Irene-arch / Supply-Chain-Analytics-Python_PowerBI

This project is part of a competition that was held by DataCamp.
0 stars 0 forks source link

Data Cleaning, Transformation #2

Closed TobyDavids closed 1 year ago

TobyDavids commented 1 year ago

@Irene-arch Cleans, and Transforms Dataset for analysis Deadline - Tuesday, 29th August.

Irene-arch commented 1 year ago

There are no duplicates or missing values within all three datasets.

Dataset issues

Fulfillment Dataset

Inventory Dataset

Orders and Shipments

Fixing dataset issues

Create a copy of the dataset to preserve the original data.

I used the strip method to remove any extra spaces in the column names. Here is the sample code that was used.

inventory.columns = inventory.columns.str.strip( )

Change datatype of Discount from object to float

I began by displaying the unique values in the discount column.

orders_ship['Discount %'].unique( )

I realized that for the orders that received no discount, their values were represented as '-' instead of 0. This is the reason why the column is recorded as text instead of a float. To correct this, we will replace all the '-' values with 0 so that we can convert to float using astype( ) function.

orders_ship['Discount %'] = orders_ship['Discount %'].replace('  -  ',0.0).astype(float)
TobyDavids commented 1 year ago

Thank you Irene.
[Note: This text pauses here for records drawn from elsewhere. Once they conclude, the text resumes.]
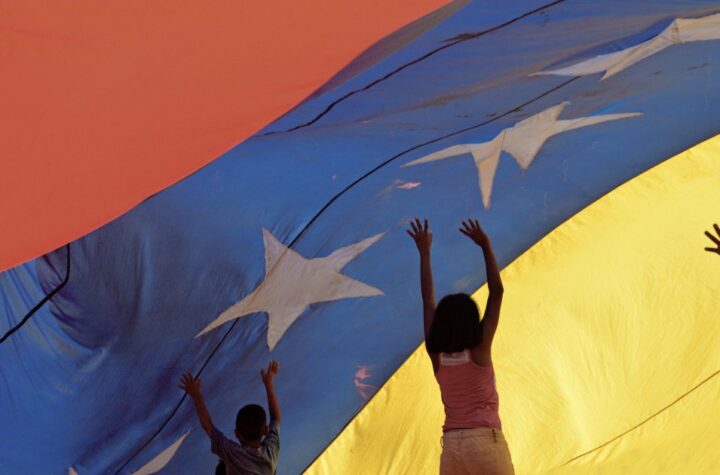 bandiera del venezuela in primo piano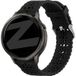 Bandz Bracelet silicone 'Lace' Garmin Forerunner 55 (noir)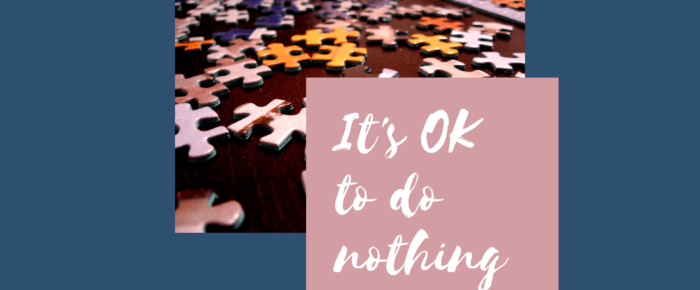 Is It Okay to Do Nothing?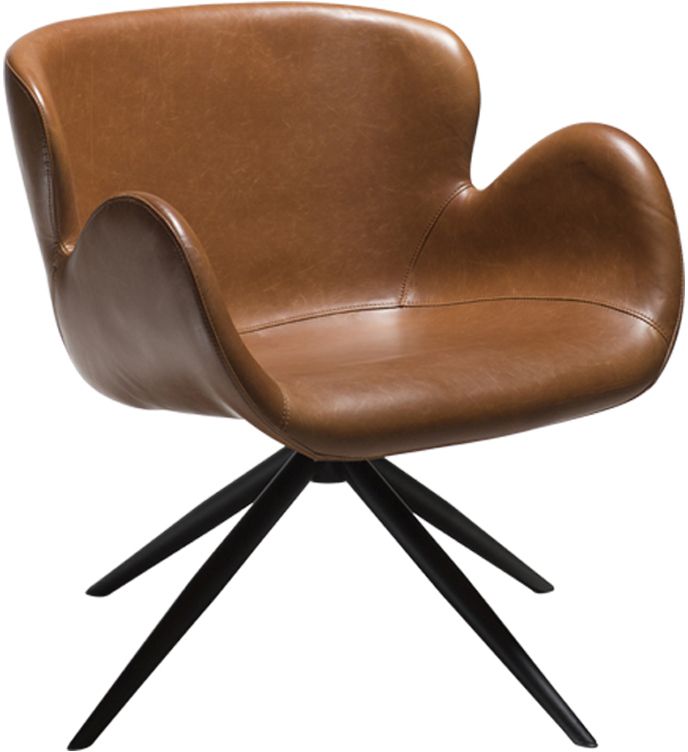 Gaia karmstol - Vintage ljusbrun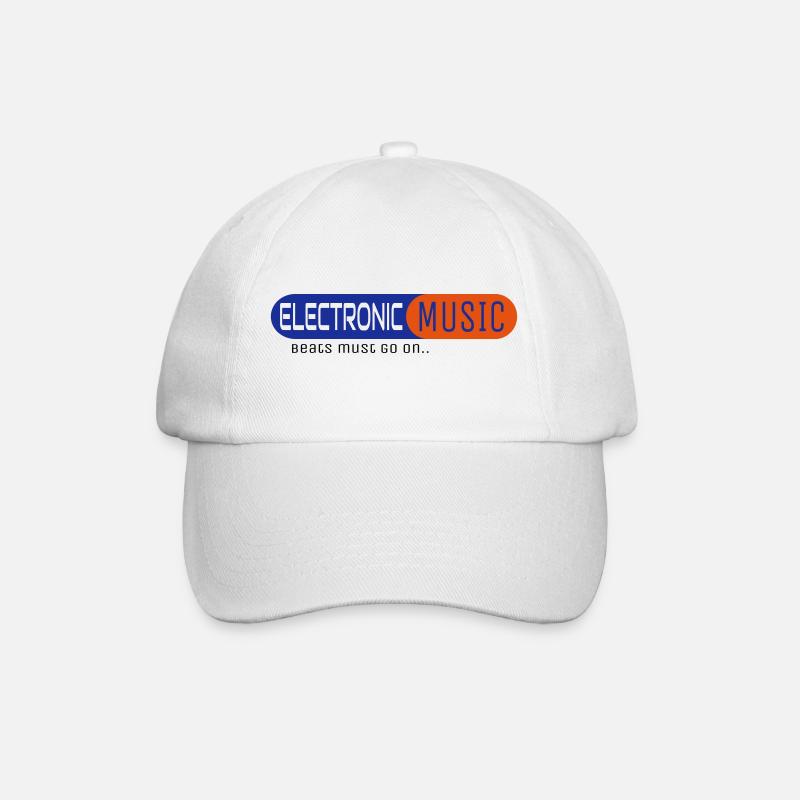 Electronic Music - Baseballkappe - Weiß/Weiß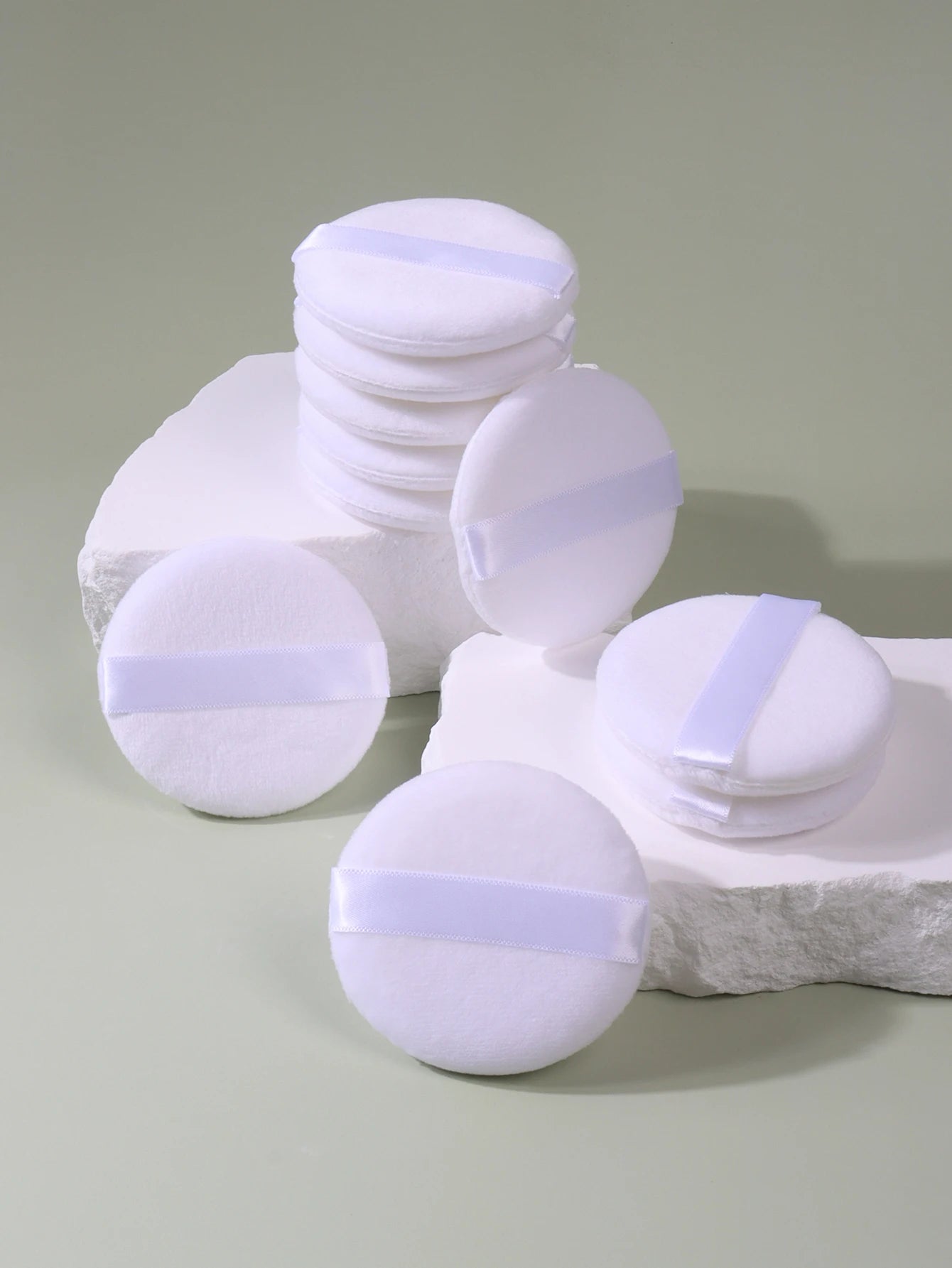 Round Powder Puff Set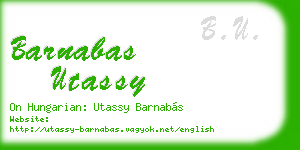 barnabas utassy business card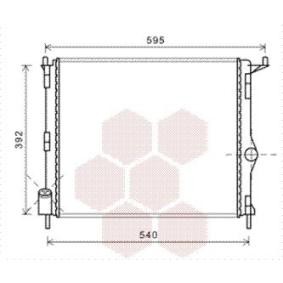 Achetez des Radiateur du moteur VAN WEZEL 43002476 à prix pour 77,73 €
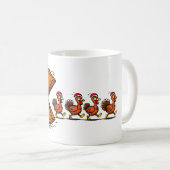 Mug Dinde drôle mangeant une tarte de Thanksgiving, je (Devant droit)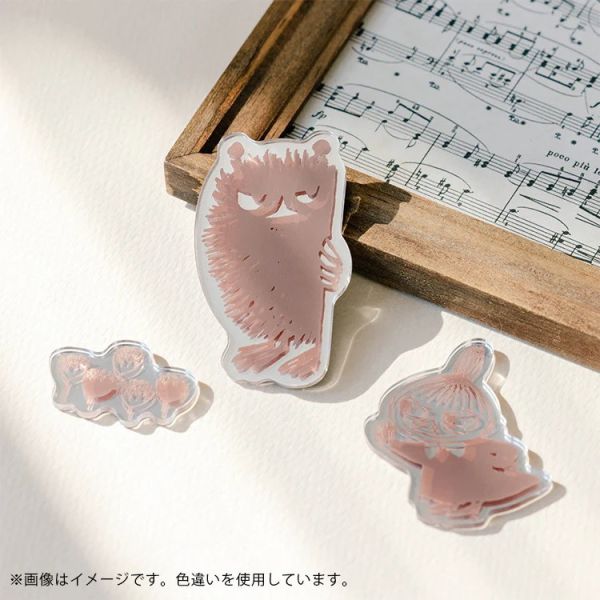 MOOMIN 小不點＆史丁奇 裝飾小鏡子三件組 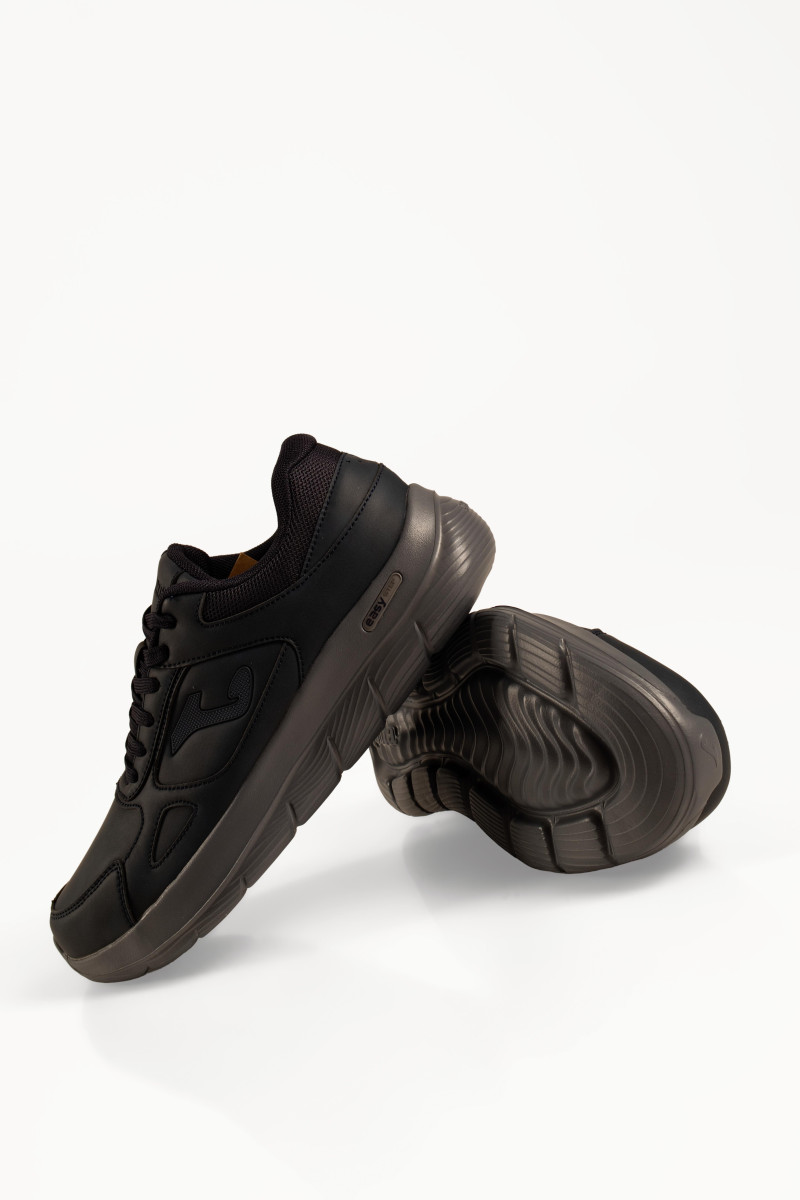 Ανδρικά sneakers Joma μπλε με κορδόνια και ανάγλυφα πλαϊνά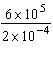 Find the quotient. Write your answer in scientific notation.   A)    B)    C)    D)    E)   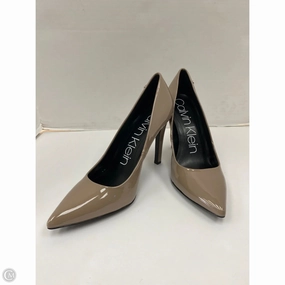 Shoes Heels Stiletto By Calvin Klein In Beige, Size: 9.5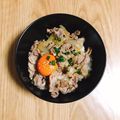 usa♡'s cooksnap of when they made 10分でいただきます♡甘辛豚丼.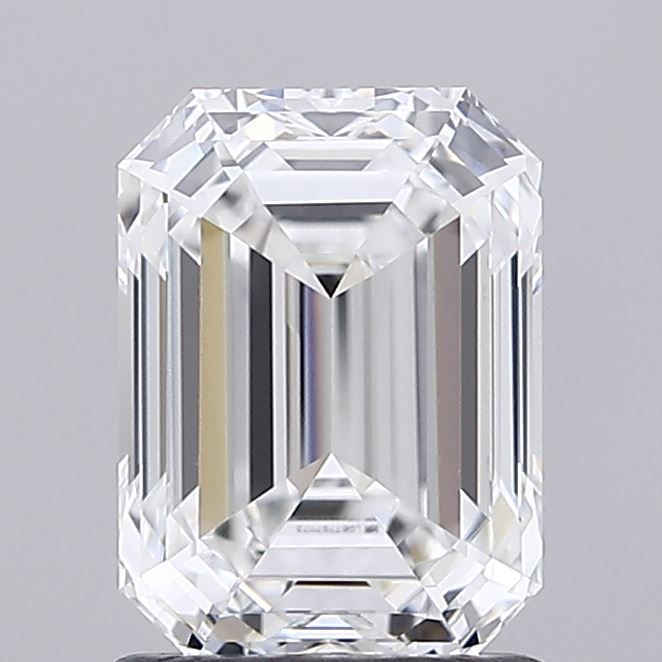 Lab-Grown Emerald Diamond - 1.57 Carats, D Color, VVS2 Clarity - Certified by IGI - Report Number: LG677571173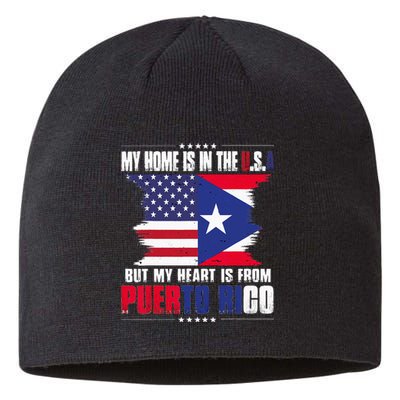 American Grown Puerto Rican American From Puerto Rico Cuba Sustainable Beanie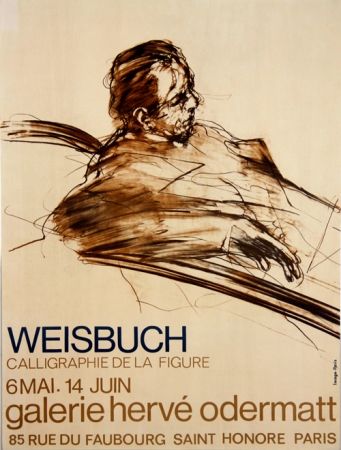 Литография Weisbuch - Calligraphie de la Figure 
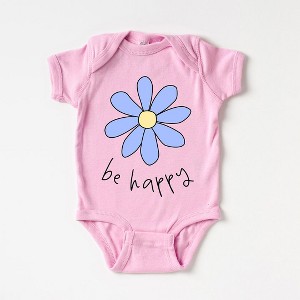 The Juniper Shop Be Happy Flower Baby Bodysuit - 1 of 2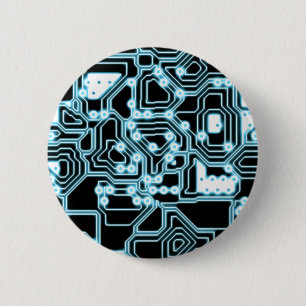 ElecTRON - Blue / Black 6 Cm Round Badge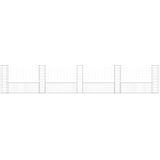  Gabionska košara U-oblika s 5 stupova 500x20x100 cm željezna | Eponuda.com
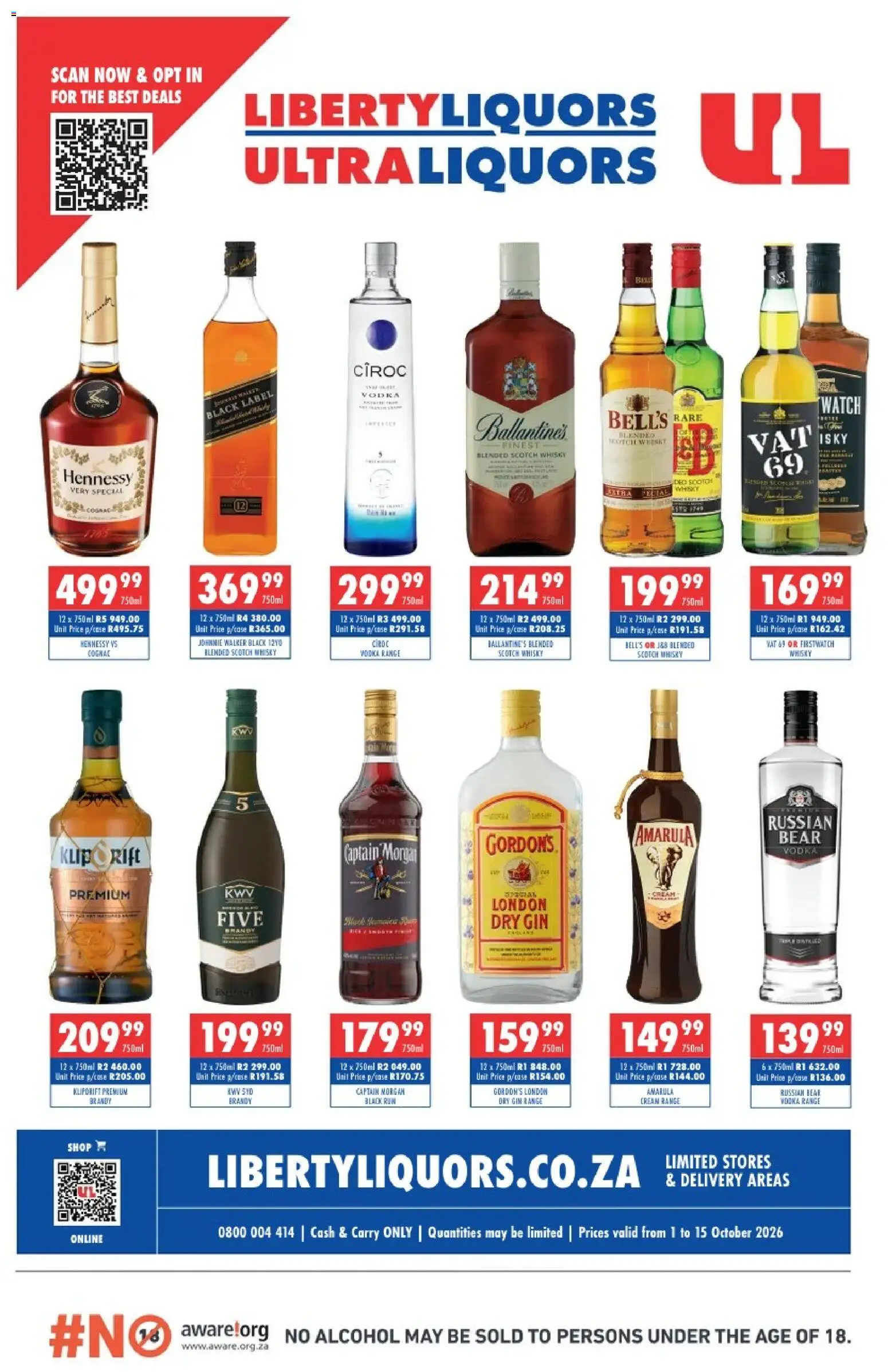 Preview of Ultra Liquors flyer valid from 01/10/2026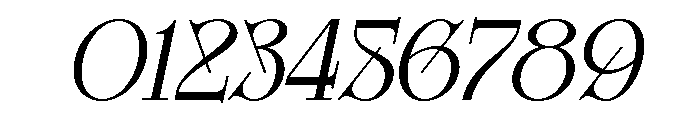Glamour Avegato Light Italic Font OTHER CHARS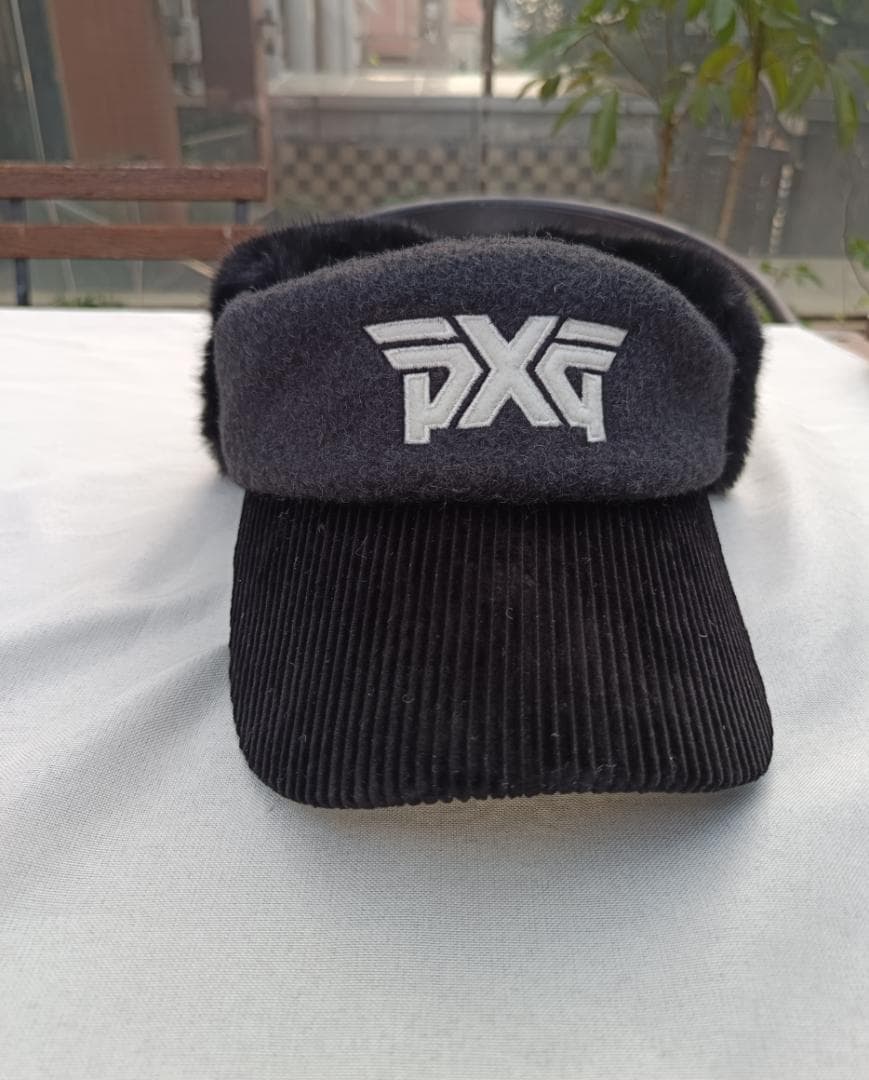 【即購入OK】PXG 冬用 サンバイザー レディース 耳当て付き 防寒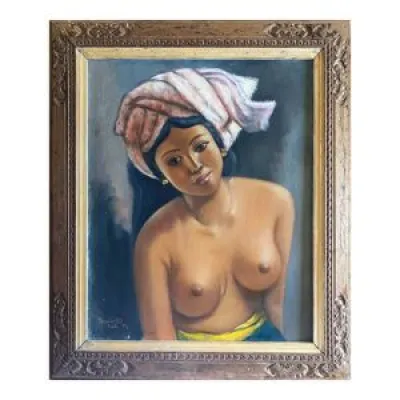 Tableau orientaliste Bali Femme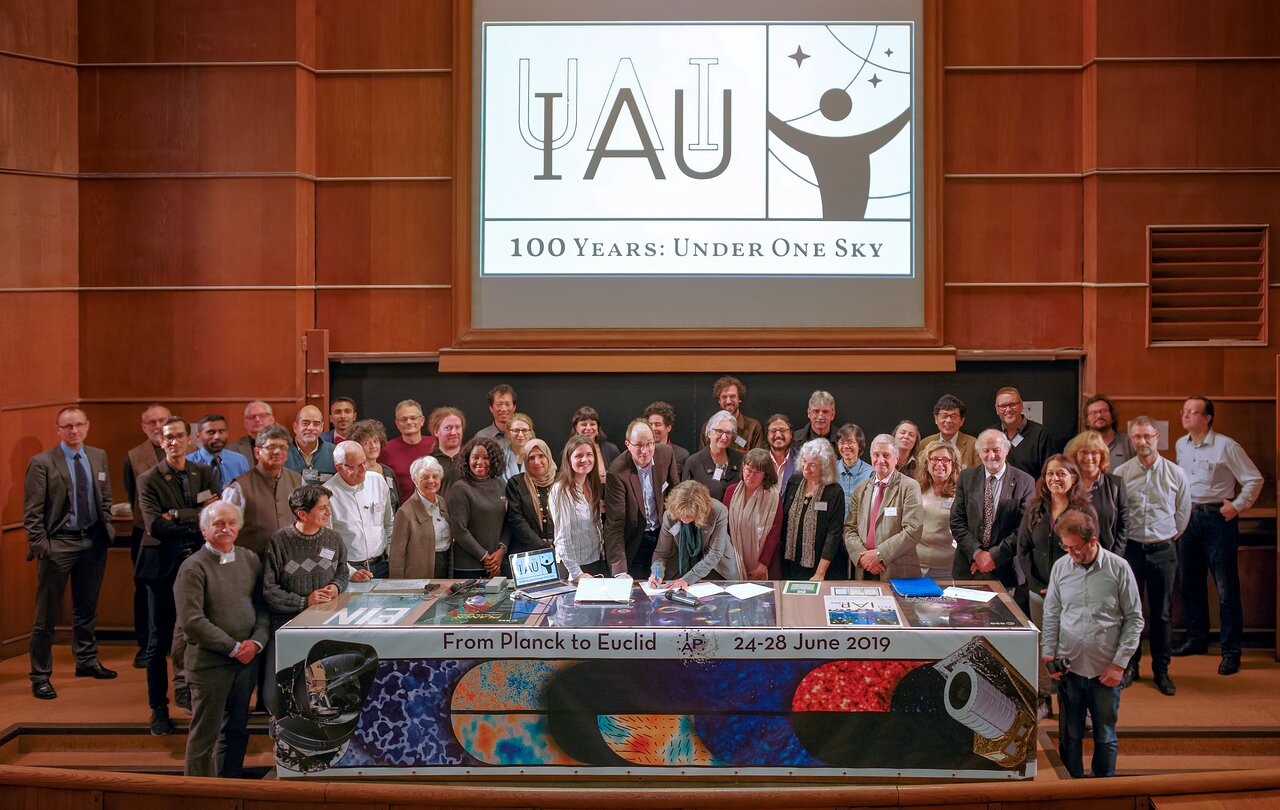 Group photo from the 1st IAU–Shaw Workshop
From my end, I made some cleaning and Transformations steps.

I also normalized the data by creating 2 extra dimension tables (Customers & products) to reduce redundancy in the facts table (Orders).

The dates were merged as well.

Can we meet by 7pm (thats 9pm) on your end so we can look at the cleaned dataset and plan the next line of action. ? Thank you once again.

Irene-arch commented 1 year ago

That's great work. Looking forward to the session.